Share This Article
Marissa Nadler in Italia occuperebbe lo stesso spazio musicale coperto qualche tempo fa dalle cheneso Yavanna. Se non sapete chi sono le Yavanna meglio per voi, avete la stima che non ho per me stesso ma in ogni caso sì, i prodotti sarebbero perfettamente equiparabili. Per sua fortuna però Marissa Nadler abita in America e quindi cambia tutto.
L’America, questo posto enorme dove tutto riesce migliore e più bello e i sogni si realizzano. Anche quello di questa ragazza di Washington che voleva fare la cantante, cantautrice addirittura! Probabilmente cresciuta ascoltando folk americano dalla mattina alla sera, è proprio il folk che suona nei suoi dischi, finora arrivati al numero sette.
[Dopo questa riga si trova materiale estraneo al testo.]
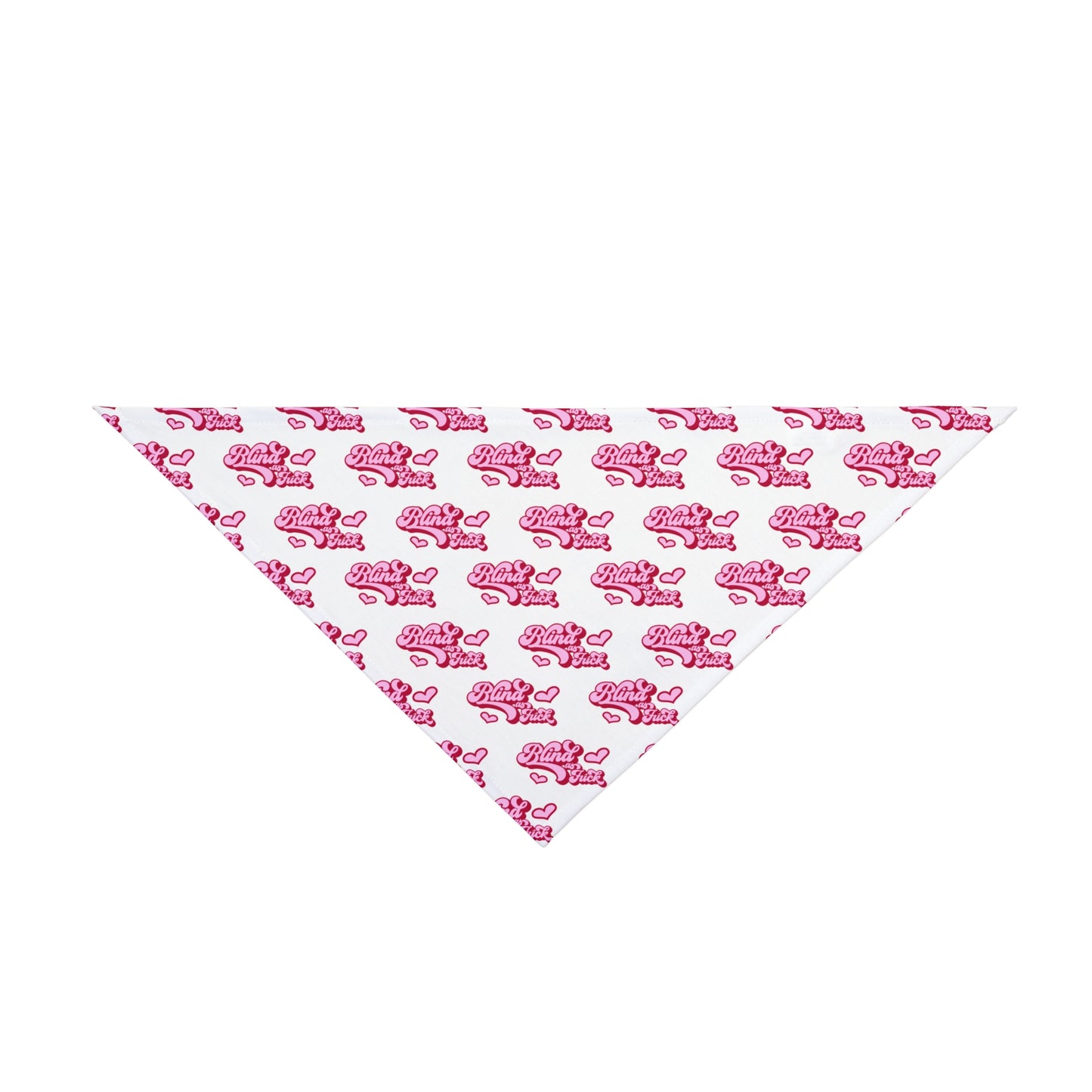 Blind AF Pet Bandana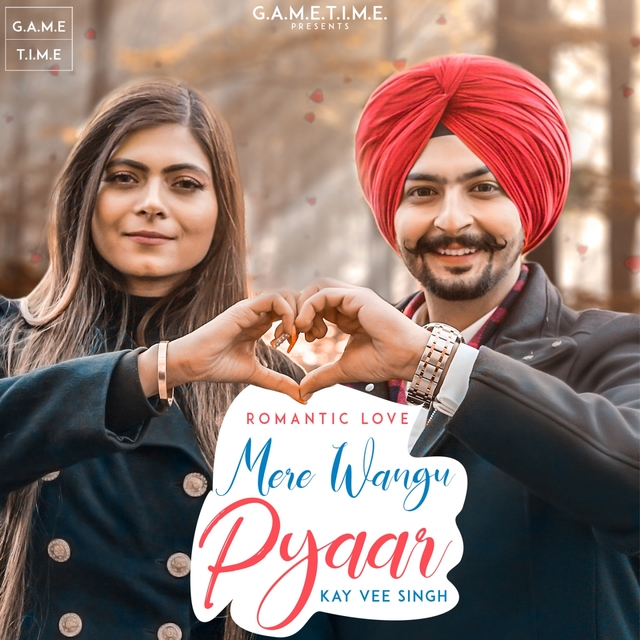 Couverture de Mere Wangu Pyaar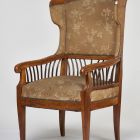 Wing chair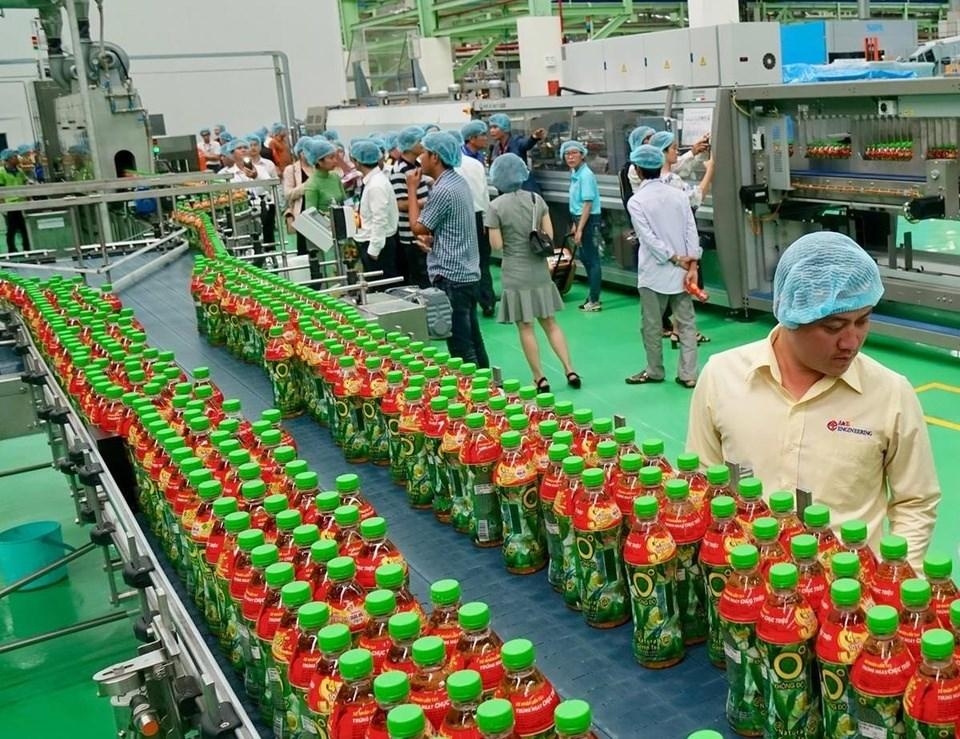 Chuẩn bị rót 4.000 tỷ mở rộng nhà máy tại Hậu Giang, công ty thuộc Tập đoàn Tân Hiệp Phát tham vọng sản xuất 1 tỷ lít/năm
Questo “July” è l’ultima tappa di un saliscendi discreto tra sperimentazioni spintesi un po’ troppo oltre il recinto e episodi discografici più riusciti, nei quali Marissa Nadler ha cercato di suonare quello che le riesce meglio: le ballate acustiche, suonate piano, con la punta delle dita.
“July” arriva ora a dare due conferme: la prima è che gli errori di slancio col dream pop di “Little Hells”, suo album del 2009, non si ripeteranno più; la seconda è dopo “The Sister” (2012), l’album che segna il suo ritorno genuino al folk, è chiaro come il sole che cosa le viene meglio. Per questi due motivi “July” è un disco che continua la manovra di allontanamento dalle sperimentazioni fallite in passato, e restituisce alla cantautrice una discreta rispettabilità artistica. Le undici canzoni del disco, che possono anche sembrare tutte uguali, testimoniano uno stato di ritrovata ispirazione: le ballate oscure, i suoni dolci o drammatici o dolci e drammatici, gli archi che irrobustiscono e arrotondano la voce, già di per sè delicatissima. Da “Drive”, la prima traccia, a “Nothing In My Heart”, l’ultima, “July” è un disco che è quasi un incanto, reso tale dalle melodie fluide e circolari che la cantautrice torna a tessere attorno ai suoi piccoli poemi di amore e malinconie.
Un incantesimo quello di Marissa Nadler che può anche funzionare, ma non per molto. “July” è un disco ben suonato e ben cantato, ma finisce per appiattirsi già ai primi ascolti. Non cresce.